October 2018 Update
This update addresses the most significant statutory and regulatory changes since the previous update was published. It also includes discussion and analysis of relevant cases. Among the most significant developments and improvements in this book since the last update are the following:
Ethics; Rules of Professional Conduct
On May 10, 2018, the California Supreme Court issued an order approving new and amended Rules of Professional Conduct. The new rules become effective on November 1, 2018. The contents of this book have been updated to incorporate the new rules. Visit the State Bar website (http://www.calbar.ca.gov/) to see both the previous and new rules.
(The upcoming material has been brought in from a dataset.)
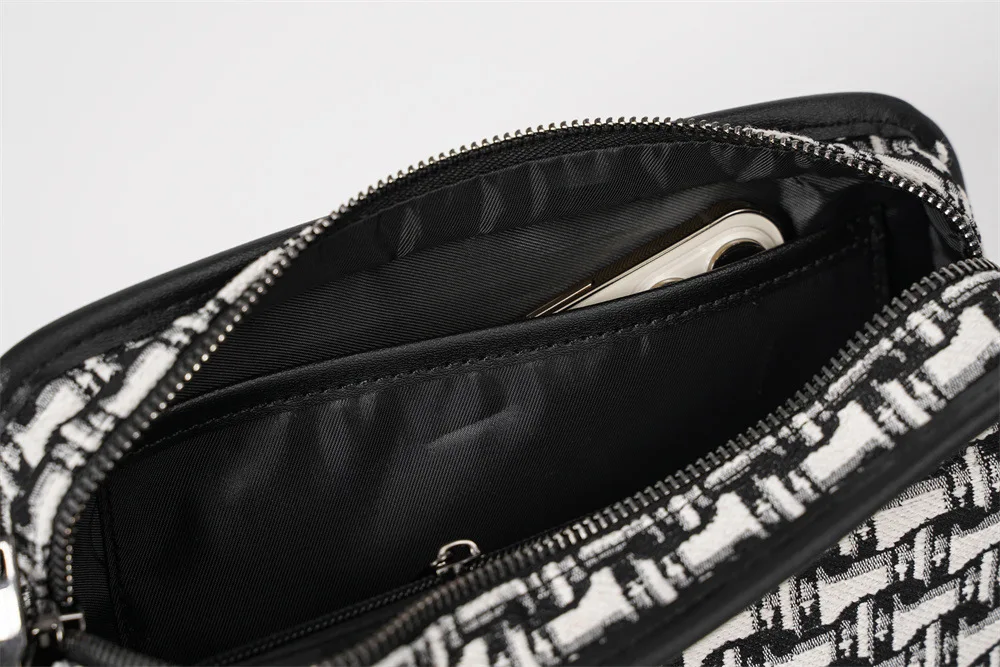 Luxuriöse Umhängetasche für Herren, modisches Markendesign, Herren-Umhängetaschen, quadratische Schultertaschen für Herren, Clutches, Handtasche, Sling Bag – Detail 17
General and Specific Plans
Effective January 1, 2018, various statutes governing the housing element in city and county general plans, including revisions and periodic review of the housing element, were revised to add new requirements. See §§2.14, 2.16, 2.18–2.19, 2.44.
In Kennedy Comm’n v City of Huntington Beach (2017) 16 CA5th 841, the court held that charter cities are exempt from the requirement that specific plans be consistent with the city’s general plan (Govt C §65454) absent an express, unequivocal statement of intent in the city charter to adopt the consistency requirement. See §§2.55, 12.46.
In Park at Cross Creek, LLC v City of Malibu (2017) 12 CA5th 1196, the court held that a city initiative ordinance requiring a specific plan for every proposed commercial or mixed-use development over 20,000 square feet in size was not a proper exercise of its legislative and police power. See §§2.57, 4.38.
Effective January 1, 2018, as part of a major effort to spur development of affordable housing statewide, the California legislature passed several bills establishing new streamlined housing development plans, including Workforce Housing Opportunity Zones (SB 540) and Housing Sustainability Districts (AB 73). For details, see §2.59A.
Sustainability and Climate Change Regulations
By September 1, 2018, and every four years thereafter (to align with greenhouse gas (GHG) reduction target setting), the California Air Resources Board must prepare a report assessing the progress made by each metropolitan planning organization (MPO) toward meeting the regional GHG reduction targets. The report must include changes to the GHG emissions in each region, data-supported metrics for the strategies used to meet the targets, and discussion of best practices used and challenges faced by the MPOs. See Govt C §65080(b)(2)(J)(iv), discussed in §5.6.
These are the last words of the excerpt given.